If You Liked Libya, Iraq, Afghanistan, and Vietnam, You'll Love What Trump Is Offering in Venezuela
During rambling remarks on January 3, President Donald Trump announced that the United States had bombed Venezuela, “captured” President Nicolás Maduro and his wife, and gained control of that country’s oil reserves.
Now what? Trump has no idea, but historical precedent portends disaster.
The Dubious Legal Basis
As with his bombing of alleged drug-smuggling boats that have killed at least 115 civilians, Trump offered no justification under international law for his actions:
Repeatedly, Trump invoked the Monroe Doctrine, saying that he had expanded it “by a lot.” But in fact, Trump has stood President James Monroe’s 1823 seminal proclamation on its head while emboldening China’s President Xi and Russia’s President Putin to follow Trump’s lead in dictating the affairs of sovereign countries.

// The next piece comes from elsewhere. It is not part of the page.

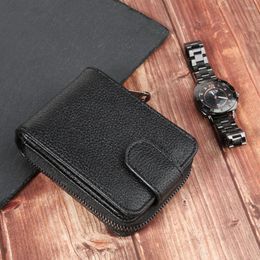 Card Holders Simple Zipper Buckle Wallet Multifunctional Multiple Slots Holder For Home Outdoor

Trump has no knowledge of history, much less respect for its costly lessons. And with the “Donroe Doctrine,” he has created new danger for the nation and the world.
Monroe v. “Donroe”
In 1823, President Monroe announced a new defensive principle: The United States would object to Europe’s further colonization of the Western hemisphere as “dangerous to our peace and security.” The US would not interfere with existing European colonies, but it would regard future attempts to determine the destiny of these independent nations “as the manifestation of an unfriendly disposition toward the United States.”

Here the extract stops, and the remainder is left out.